La Charte nationale promulguée en 1976 fait de l’Algérie une république démocratique et populaire, reposant sur un régime présidentiel. Cette Constitution institue le Front de libération nationale (FLN) comme parti unique, alors que celui-ci domine de fait le paysage politique national depuis l’indépendance, en 1962. Au lendemain de la guerre d’Algérie, le parti qui a mené la longue guerre d’indépendance algérienne jouit en effet d’une légitimité, intérieure autant qu’extérieure, incarnée par les « héros de l’indépendance ». Il monopolise la représentation nationale et contrôle l’ensemble des rouages du pouvoir.

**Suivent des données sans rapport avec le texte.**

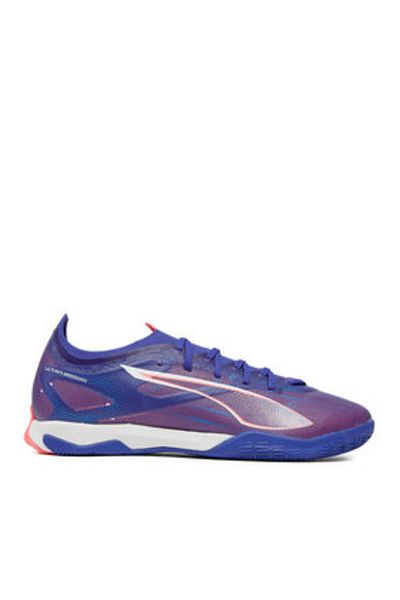 Puma ghete de fotbal pentru bărbați 107895 albastre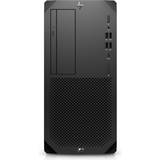 32 GB - Windows 10 Pro Stationære computere HP Z2 Tower G9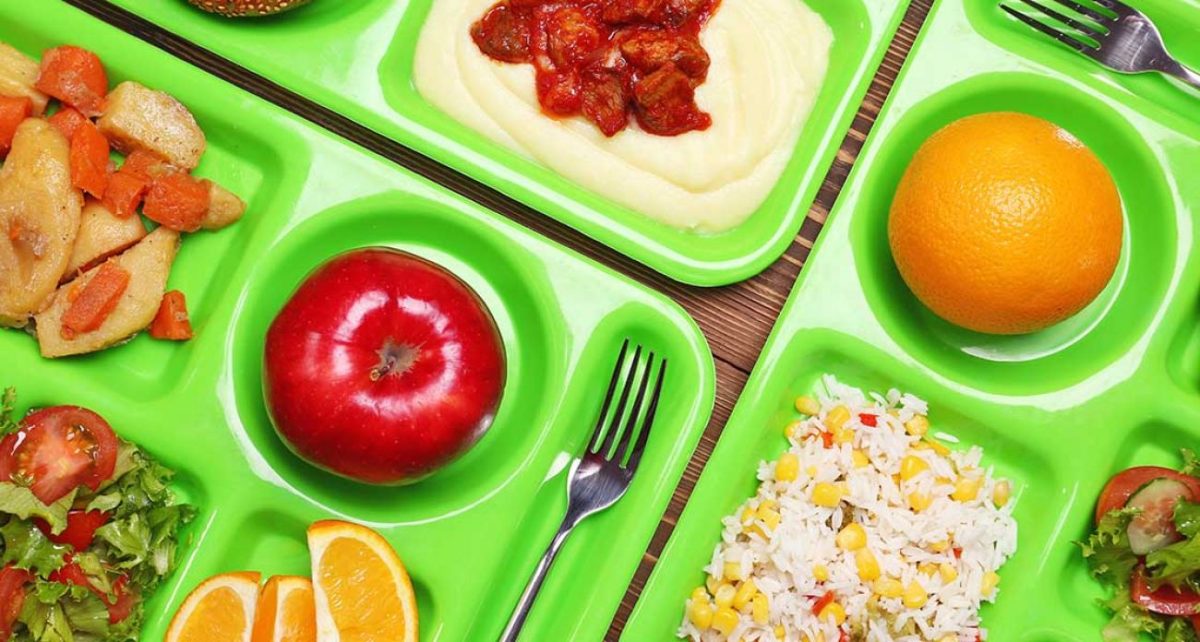 The End to Free Meals at Bloomfield Hills Schools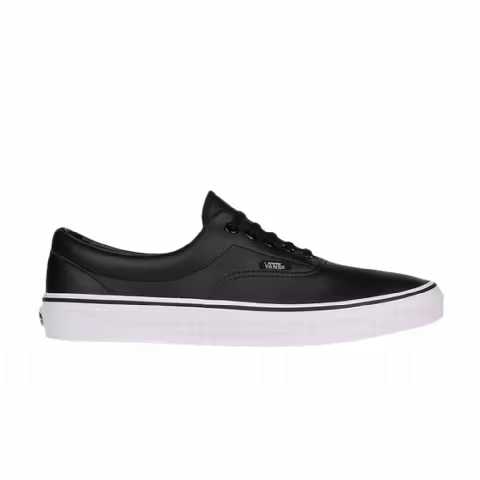 Vans Era 'Classic Tumble - Black'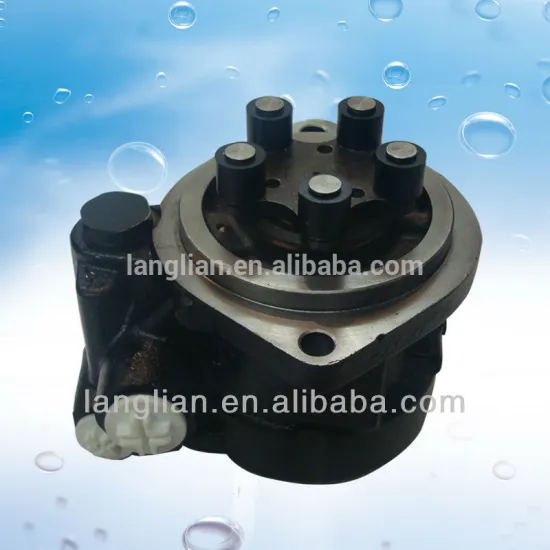 Professional factory Scania 571364 Power Steering Pump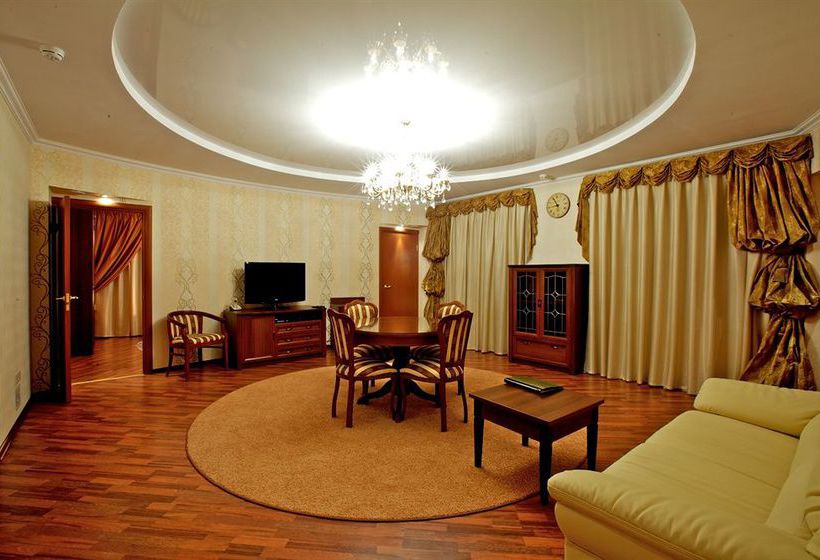 Hotel Savoy Petit 16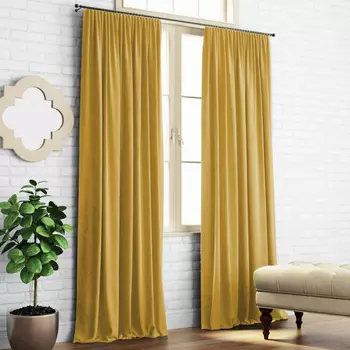 Шторы PASIONARIA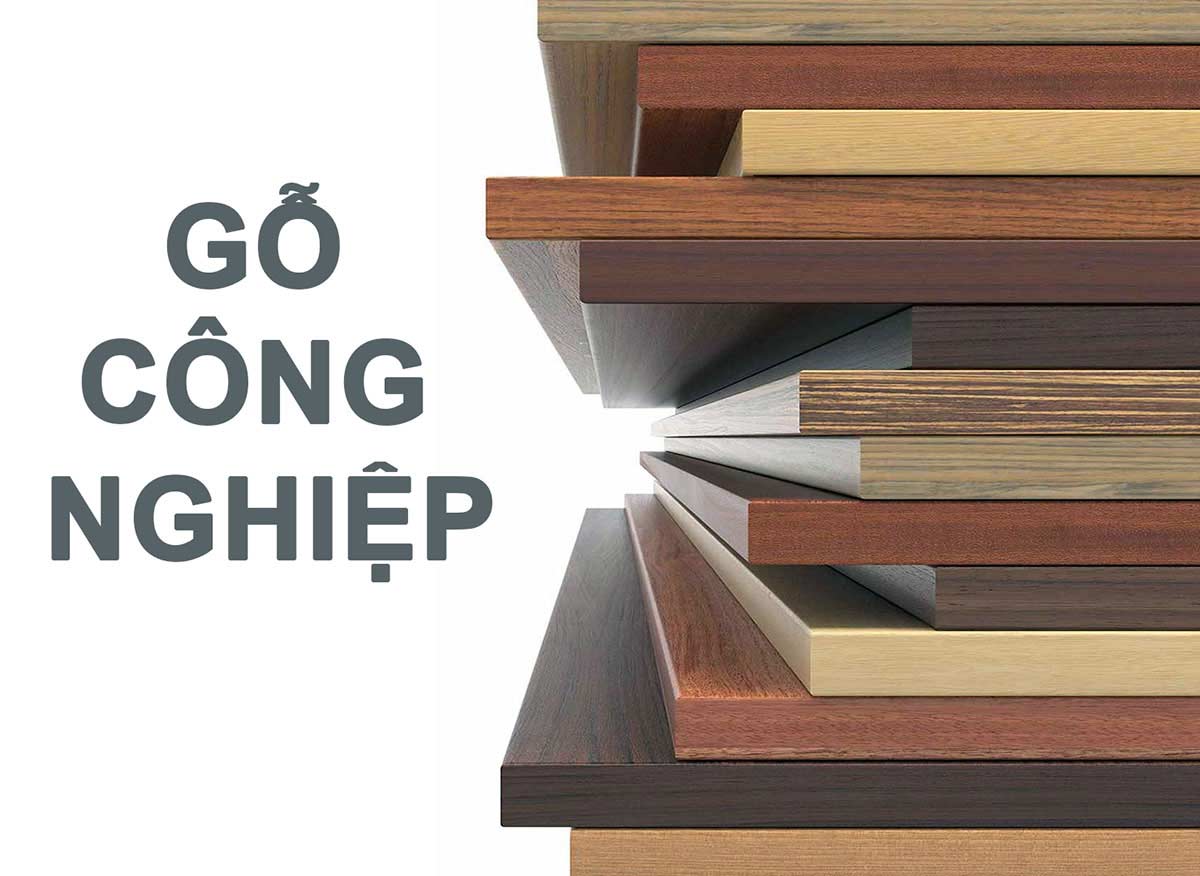 Lắp đặt ván sàn công nghiệp cho mọi công trình tại Hà Nội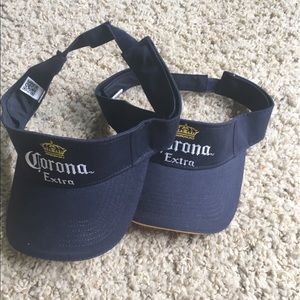 Bundle 2 Corona Visors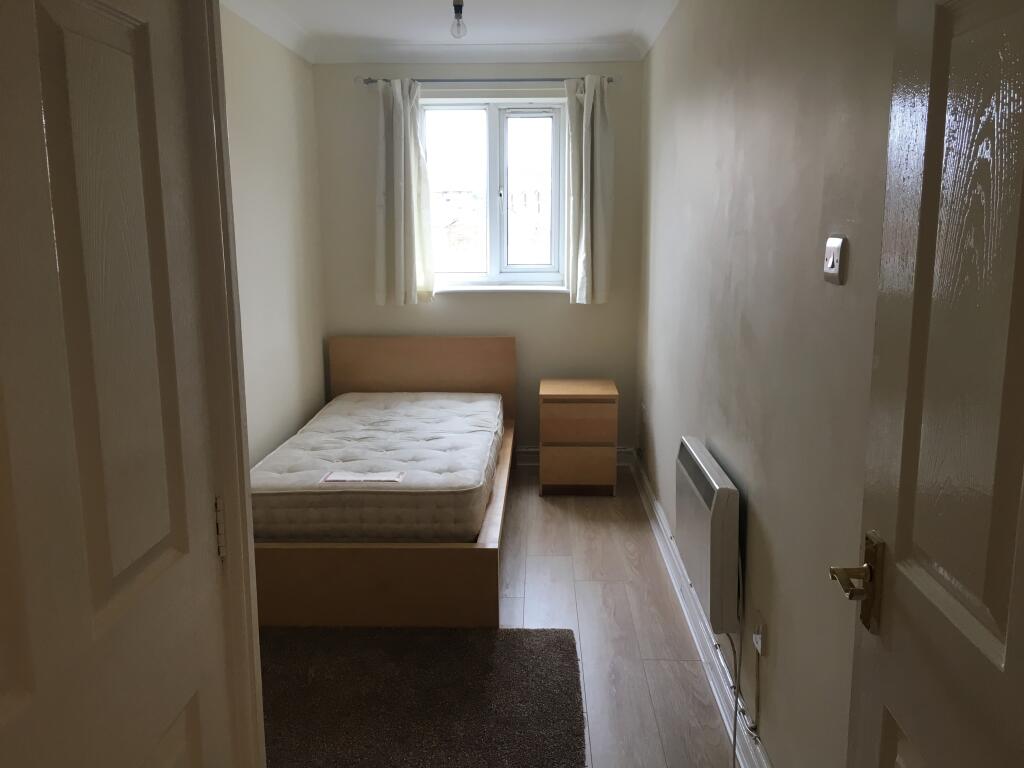 Apartment in Birmingham - More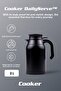 Dailyserve 2 Liter Stainless Steel Thermos Ckr2089 - 2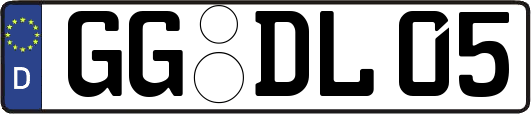 GG-DL05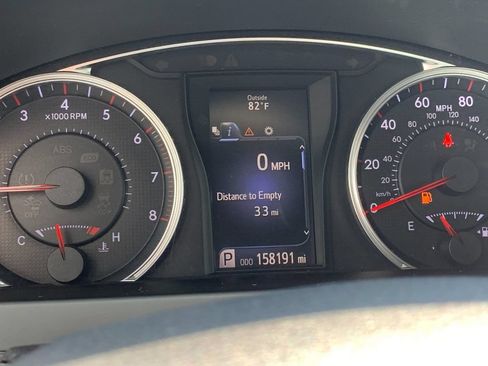 Used 2017 Toyota Camry SE FWD image 29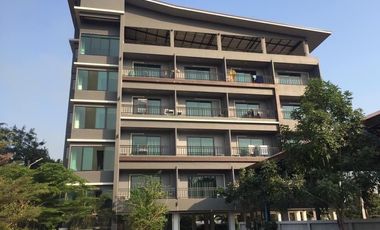 For sale 37 bedrooms apartment in Mueang Khon Kaen, Khon Kaen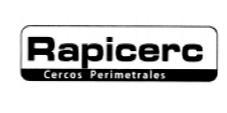 RAPICERC CERCOS PERIMETRALES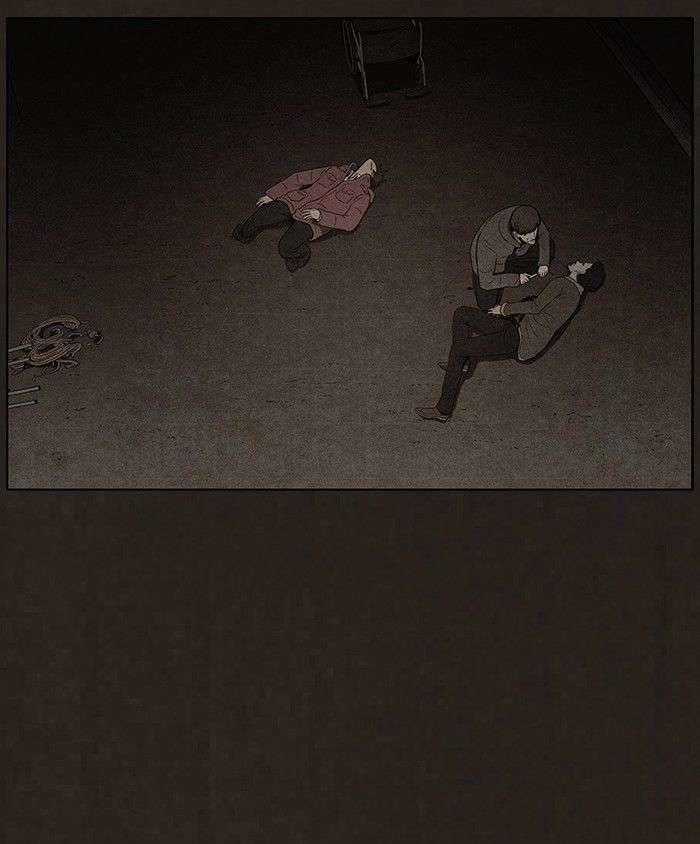 Bastard - Đứa Con Của Quỷ - Chapter 84 - Trang 5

La révision de la Constitution opérée en 1989 abolit les références au socialisme et la notion de parti unique, et introduit le multipartisme. Elle établit aussi la séparation des pouvoirs et limite le rôle de l’armée. La transition démocratique est toutefois interrompue dès les élections législatives de décembre 1991, qui consacrent au premier tour l’avancée écrasante du Front islamique du salut (FIS), parti confessionnel militant pour la création d’un État islamique. Après un coup d’État militaire, le second tour des élections est annulé par le Haut Conseil de sécurité (HCS) tandis que l’Assemblée populaire nationale est suspendue. Un Haut Comité d’État (HCE) est créé en janvier, qui instaure l’état d’urgence et dissout le FIS. L’Algérie, qui plonge dans une guerre civile sanglante à la suite de la répression anti-islamique, est gouvernée de 1992 à 1994 par le HCE. La nomination par le HCE de Liamine Zéroual comme président par intérim (janvier 1994) est suivie de son élection, contestée, en novembre 1995. En novembre 1996, une réforme constitutionnelle, approuvée par référendum, interdit les partis religieux, linguistiques et régionalistes, consacre l’islam comme religion d’État, renforce le pouvoir présidentiel et crée également un système législatif bicaméral. En 1999, Abdelaziz Bouteflika est élu à la présidence de l’Algérie avec le soutien de l’armée. Il est réélu en 2004 pour un second mandat.

3.3. 2

Pouvoir exécutif

Le pouvoir exécutif appartient au président de la République, élu au suffrage universel (à partir de 18 ans) pour un mandat de cinq ans, renouvelable une fois. Chef suprême de toutes les forces armées et responsable de la Défense, le président de la République arrête et conduit la politique extérieure de la nation. Il nomme un Premier ministre à la tête du gouvernement, puis les membres du gouvernement, sur proposition du Premier ministre. Conformément à la Constitution, le président peut s’appuyer sur deux institutions consultatives, un Haut Conseil islamique et un Haut Conseil de sécurité.

3.3. 3

Pouvoir législatif

Le pouvoir législatif repose sur un système bicaméral constitué d’une Chambre haute, le Conseil de la nation, et d’une Chambre basse, l’Assemblée populaire nationale. Le Conseil de la nation est composé de 144 membres, dont un tiers est désigné par le président de la République ; les autres 96 membres sont élus au suffrage indirect. Le mandat des membres du Conseil, renouvelable par moitié tous les trois ans, est de six ans. L’Assemblée populaire nationale est composée de 389 membres élus au suffrage universel direct pour un mandat de cinq ans.